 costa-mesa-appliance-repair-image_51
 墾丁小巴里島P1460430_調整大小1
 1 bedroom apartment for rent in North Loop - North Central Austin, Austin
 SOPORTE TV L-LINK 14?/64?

==

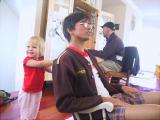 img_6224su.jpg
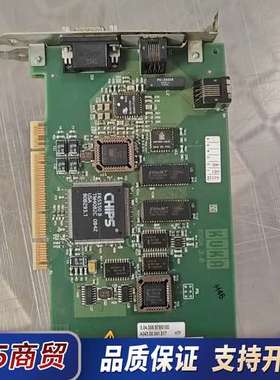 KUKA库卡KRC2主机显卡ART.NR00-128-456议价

* * *

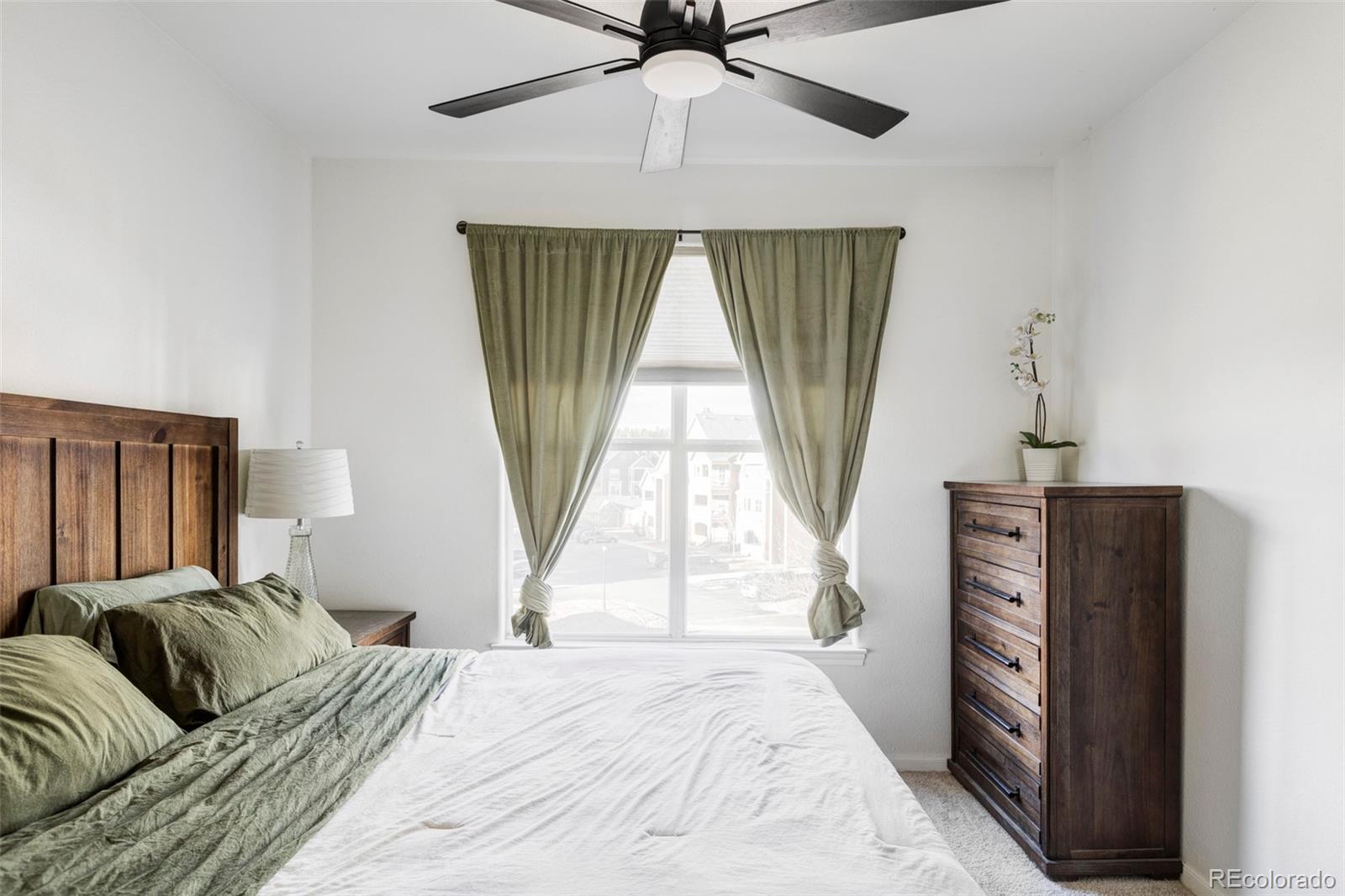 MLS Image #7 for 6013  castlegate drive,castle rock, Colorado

Assignment: The lines above from the one with "costa-mesa-appliance-repair-image_51" through the one with "SOPORTE TV L-LINK 14?/64?" are to be duplicated exactly, ends included, with nothing added.

Solution for this exercise:
 costa-mesa-appliance-repair-image_51
 墾丁小巴里島P1460430_調整大小1
 1 bedroom apartment for rent in North Loop - North Central Austin, Austin
 SOPORTE TV L-LINK 14?/64?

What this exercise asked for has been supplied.